Huimin and I started coaching work together at a point when she was several years into motherhood, 2 children in and had more distance to look back at the early years clearly.
That distance matters in the context of her story.
She wasn’t in the middle of the newborn fog or navigating the rawness of a first year. She had come through it and what she could articulate from the other side – with clarity, with humour, with the kind of perspective that only time gives you – is something I really appreciate her sharing with us.
Her story is less about survival and more about what you understand once the dust settles.
What you can finally see when you’ve had time to look back at who you were in that season and see it whole.
Huimin, in her own words
“The newborn phase was brutal, mostly due to the lack of sleep and having to adjust your schedule to fit a tiny human who could only express his needs by crying. We couldn’t go out much, struggled with cooking and eating well, worried too much about anything and everything. It was survival mode for about six months. I lived day to day, doing what was necessary. The amazing thing about motherhood is that you have no time, so you cut all the nonsense out of your life.
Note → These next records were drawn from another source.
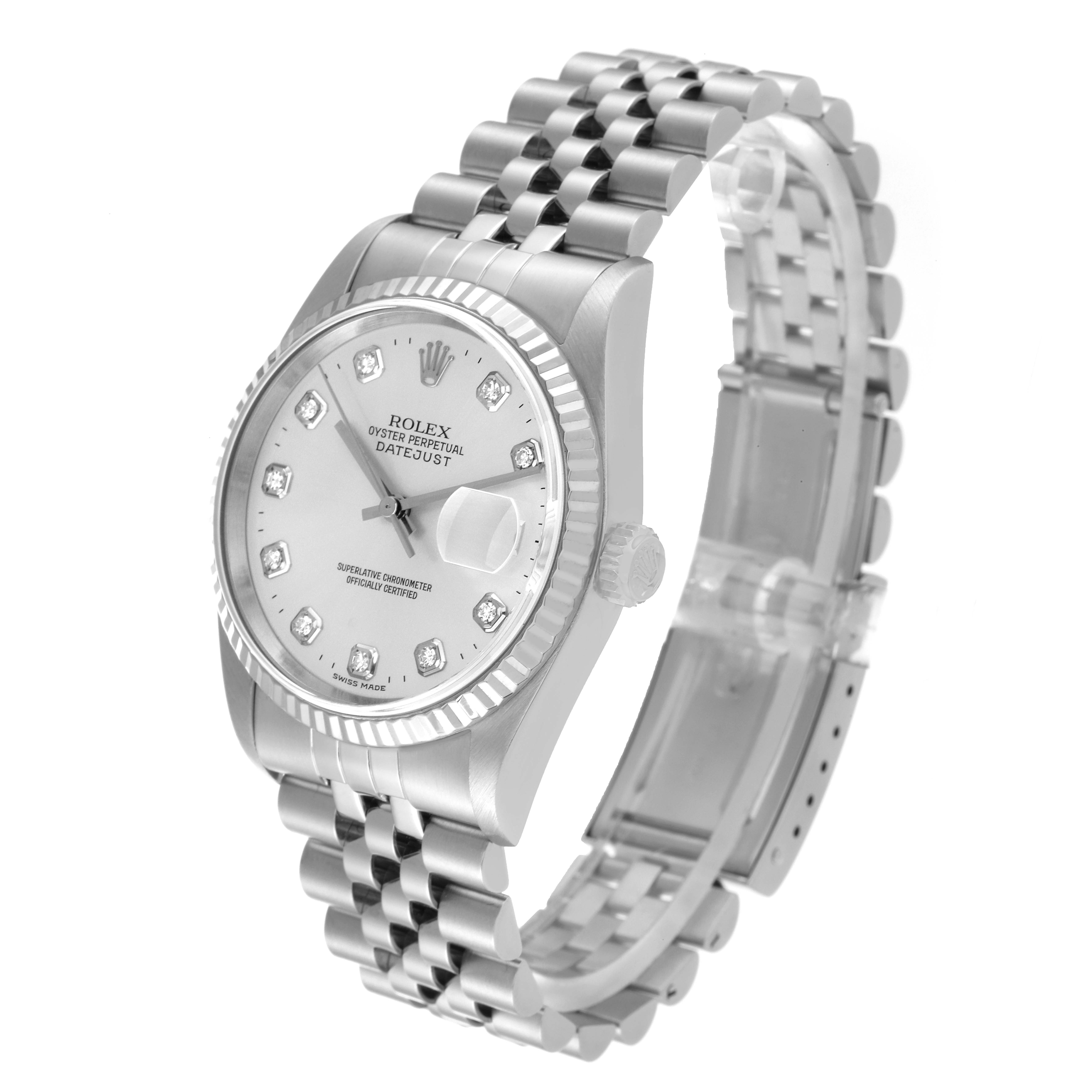 The Rolex Datejust 16234 Men's Stainless Steel Silver Dial 16234 Men's Stainless Steel Silver Dial watch is shown at a three-quarter angle, highlighting the dial, bezel, and jubilee bracelet.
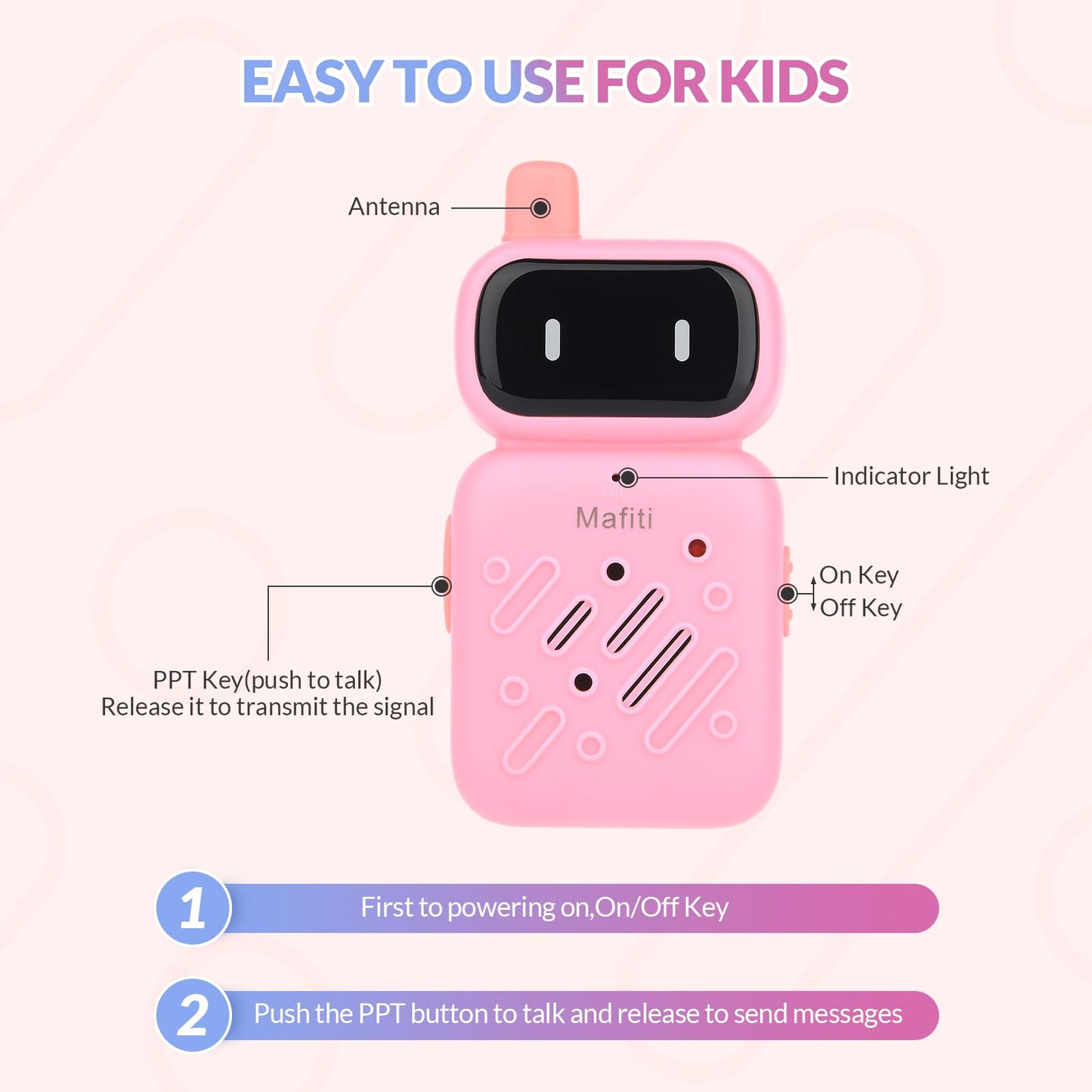 Mafiti Rechargeable Walkie Talkies For Kids 2 Pack Mini Walkie Talkie Long Range 1 Kms 2 Way Radio Toddler Toys Christmas Birthd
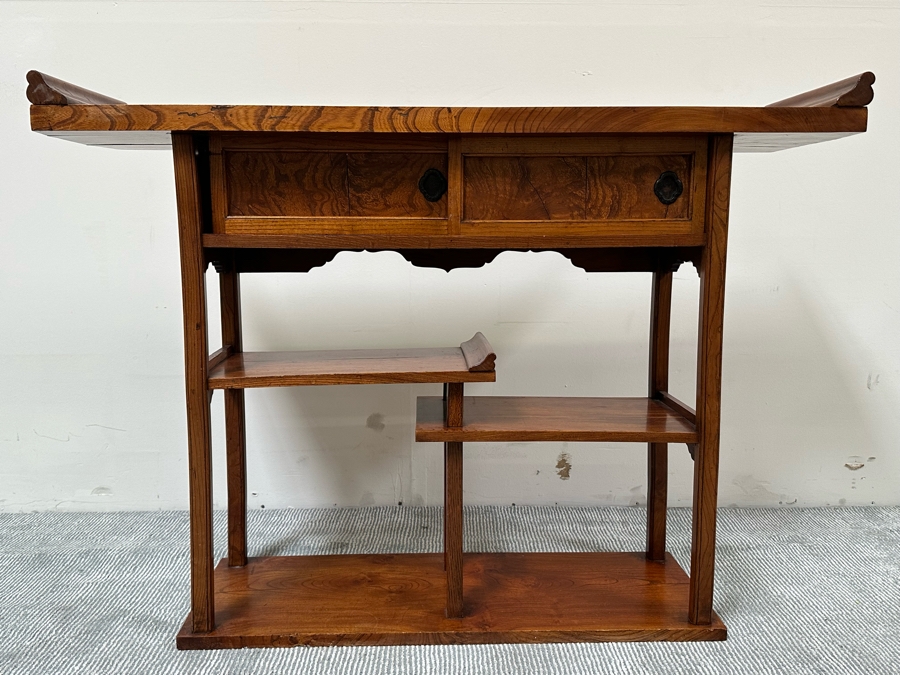 Unusual Chinese / Korean Altar Table Etagere Cabinet With Writing On Inside Of Doors 46.5W X 13D X 34H [Photo 5]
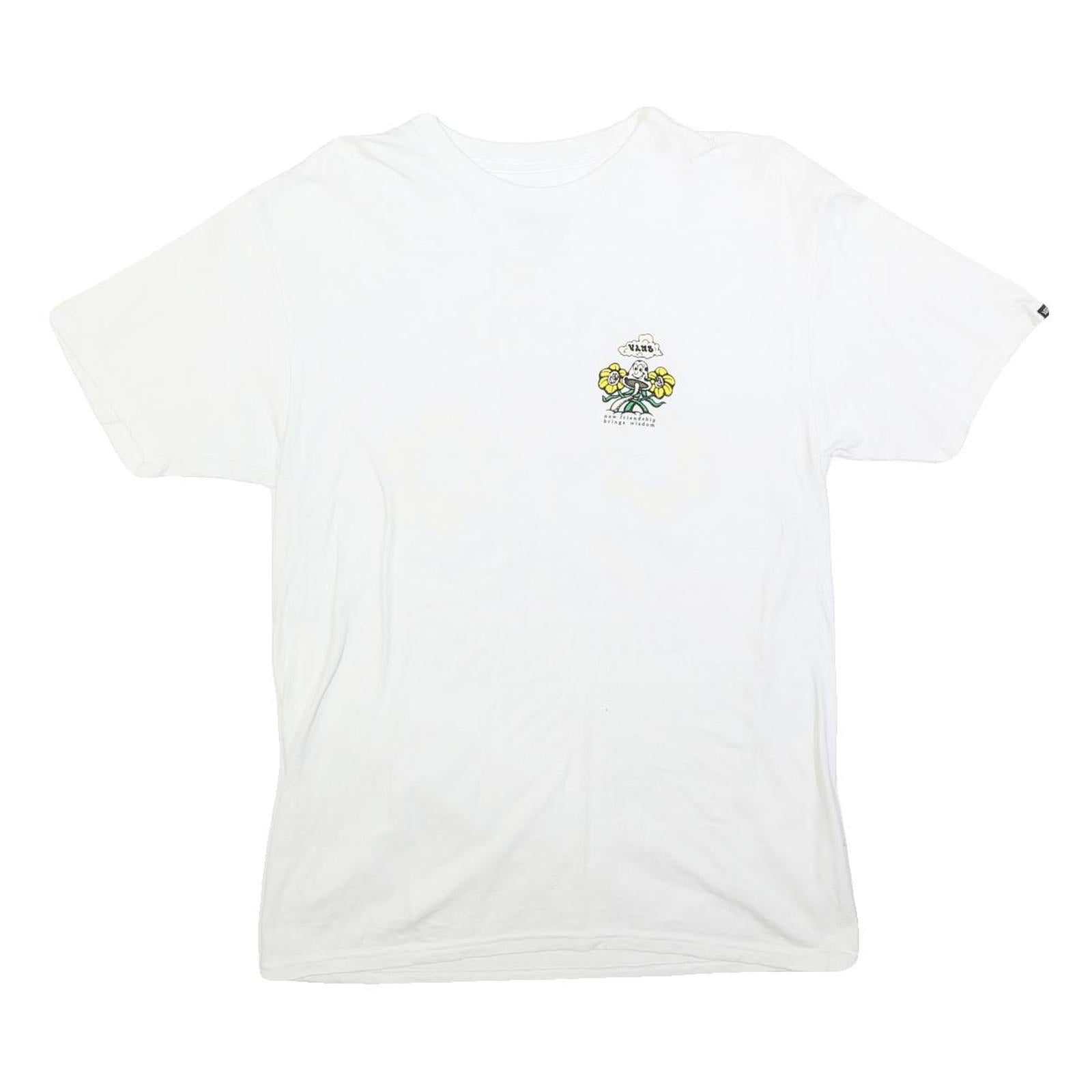 Buy VANS Mens White Graphic T-Shirt M Short Sleeve Crew Neck Cotton Blend Refurbished - $25.99 VANS Mens White Graphic T-Shirt M Short Sleeve Crew Neck Cotton Blend Refurbished - N/A refurbished available on Cerqular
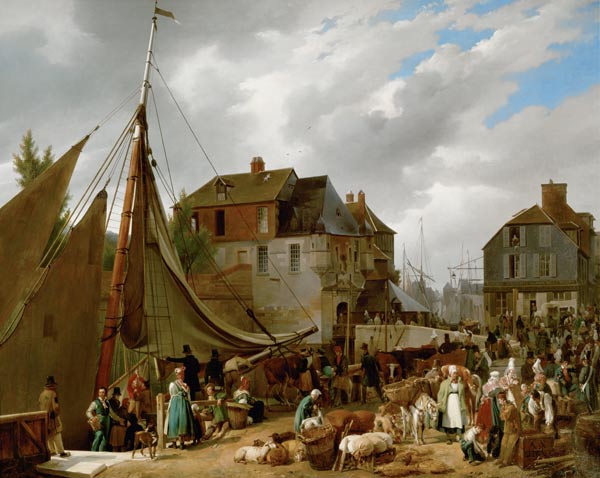 Loading Livestock onto the 'Passager' in the Port of Honfleur à Auguste-Xavier Leprince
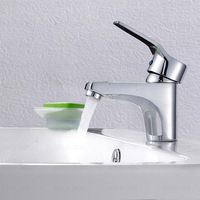 Grifo Mezclador Monomando Comercial de Aleación de Zinc para Lavabo, Montado en Cubierta, Agua Fría y Caliente, para Proyectos de Baños Escolares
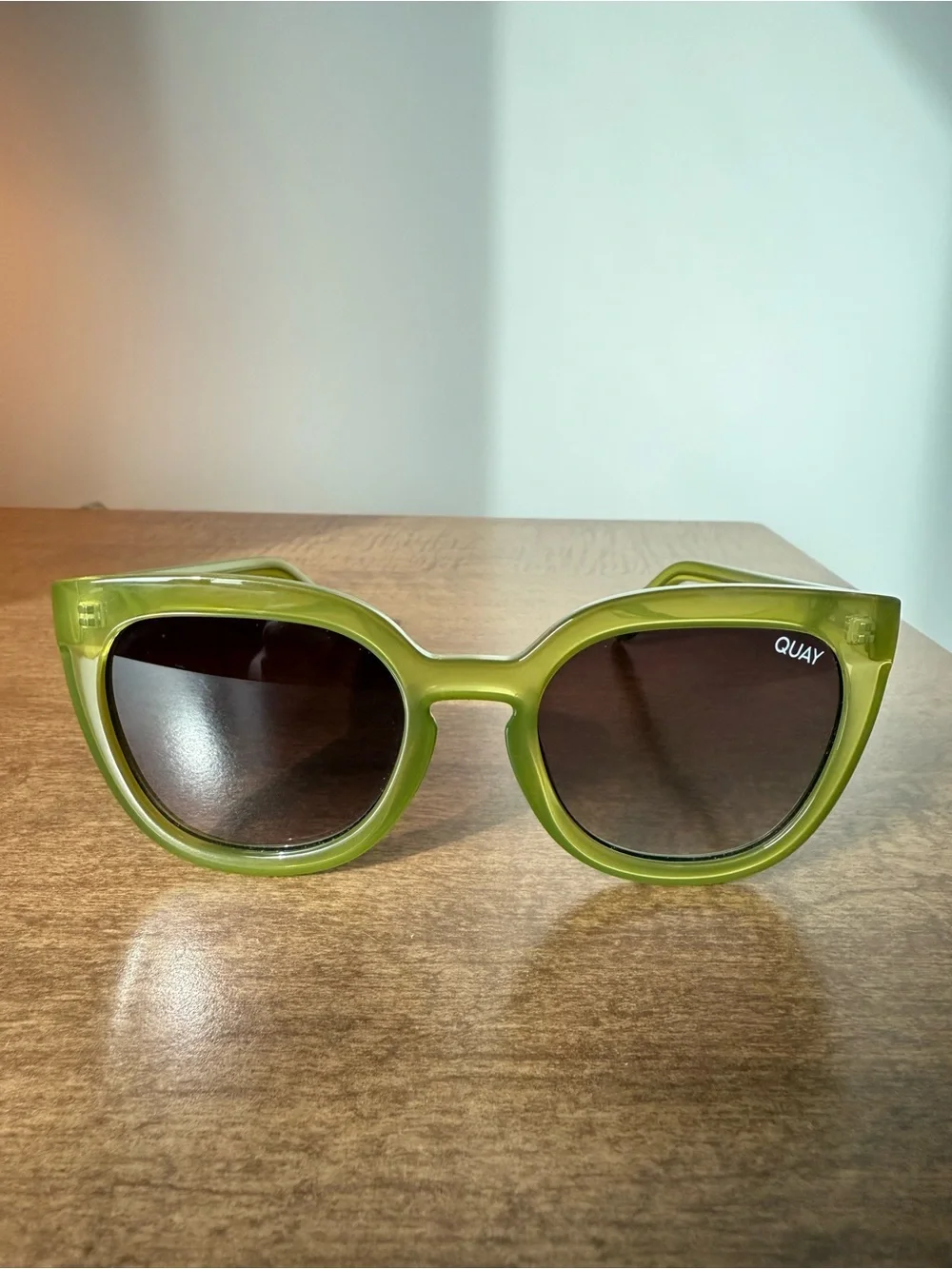 Quay Olive Green Oversized Cat Eye Sunglasses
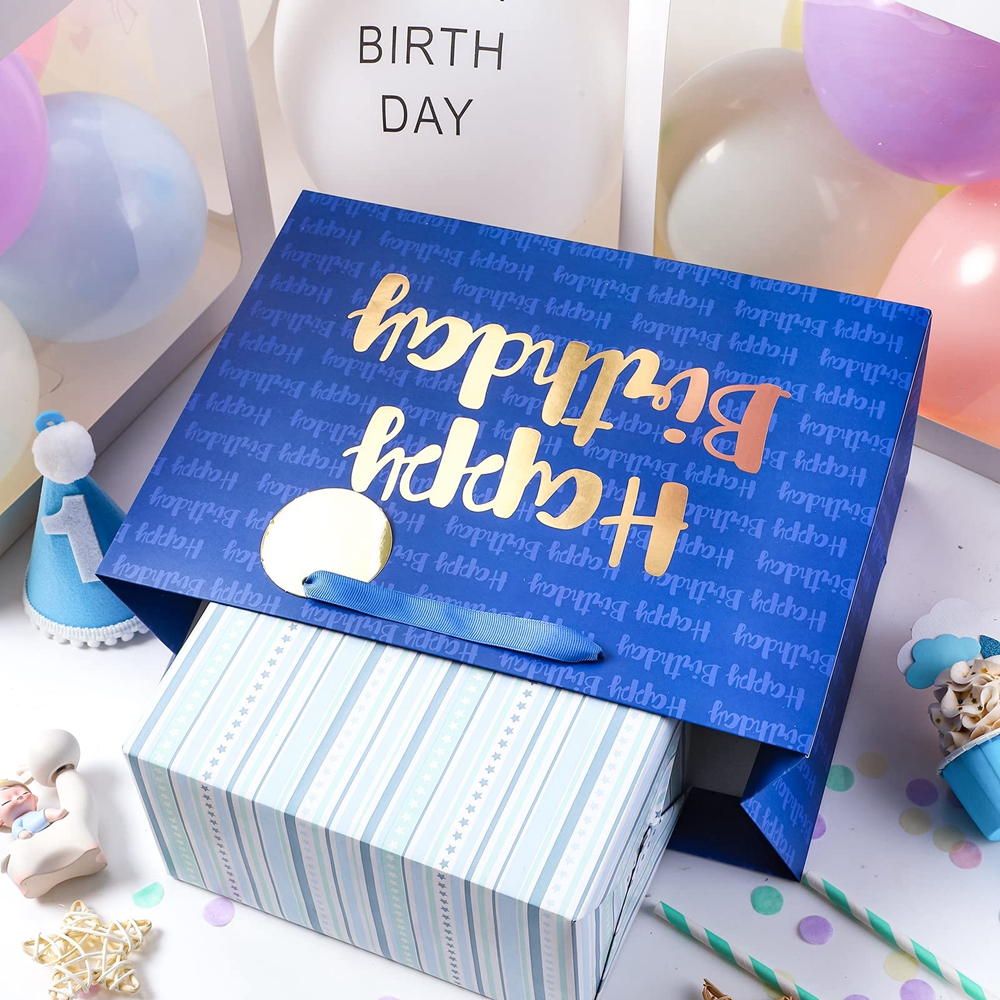 Custom Pattern Type Zhejiang Happy Birthday Party Souvenir Handle Paper Gift Shopping Bags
When I went back to work after my maternity leave, everything felt off. I went from five months of being concerned about sleep, poop and milk, to management meetings and one-on-ones with staff. The brain took a while to warm up. I also felt torn between being a mother and being a worker – I enjoyed the intellectual rigour of my job very much but the thought of only spending one to two hours with my child after work every day was painful. I also didn’t know who I was, whether this mum guilt would ever go away, and whether I was doing the right thing. I was worrying all the time.
I was quite lonely as well, though my days were filled with activities. With young children, you don’t really go out at night or on weekends. At work, I was busy with work. When I came home, I was busy with my kid. After my kid slept, I was busy with household chores and getting ready for the next day, and also trying my best to reconnect with my husband. Community looked different than what I was used to. The friends that stayed are the friends who love me, together with the new-found addition to my family.
After two children, I have come to think that motherhood is something that forms part of my new identity, and that I shouldn’t separate motherhood from the rest of me. There is no them without me, and I won’t be the new version of myself without them. I also had this realisation that every role that I play concurrently makes me who I am, in totality. Embracing that I am in a new season, with different priorities and demands helped greatly. This season is precious to me – I get to be a mum to two young children who think I am their world, my parents are still active and still around, I have my health and I am in a season where I am building my career, with a husband who is fully supportive of what I do. I may not be travelling the world, but I have blessings that money is not able to buy.
Being a mum gave me courage to do things I never thought I’d do. I stepped away from a management position and went into self-employment for my children. Parenting my kids also gave me a chance to re-parent myself, to have the strength to break patterns and mindsets, because I want to be better every day for my children.
Being a mother did not strip away anything from me or my identity. If anything, it added and poured into me in indescribable and unquantifiable measures of who I feel I was meant to be.
What I’d say to women earlier in the journey: sleep works wonders, talk to fellow mums, be present, everything’s going to be okay – and you’ll find yourself again.”

What the loneliness is actually pointing at
There’s something Huimin shared that I want to highlight because I think it goes under-acknowledged in conversations about motherhood and identity.
She describes being busy AND lonely at the same time.
That combination is important. It’s not loneliness from having nothing to do or nowhere to be. It’s the loneliness that comes when the version of yourself that used to connect with people – through work, through friendships, through the easy rhythms of life before children – is suddenly operating on a very different schedule and in a very different world.
The people who stayed, she says, are the ones who love her. The ones who made it through the restructuring of her whole life.
What I see in sessions, especially with high-achieving women in the early years of motherhood, is that the loneliness is often less about the relationships and more about the loss of the version of themselves they used to show up as in those relationships.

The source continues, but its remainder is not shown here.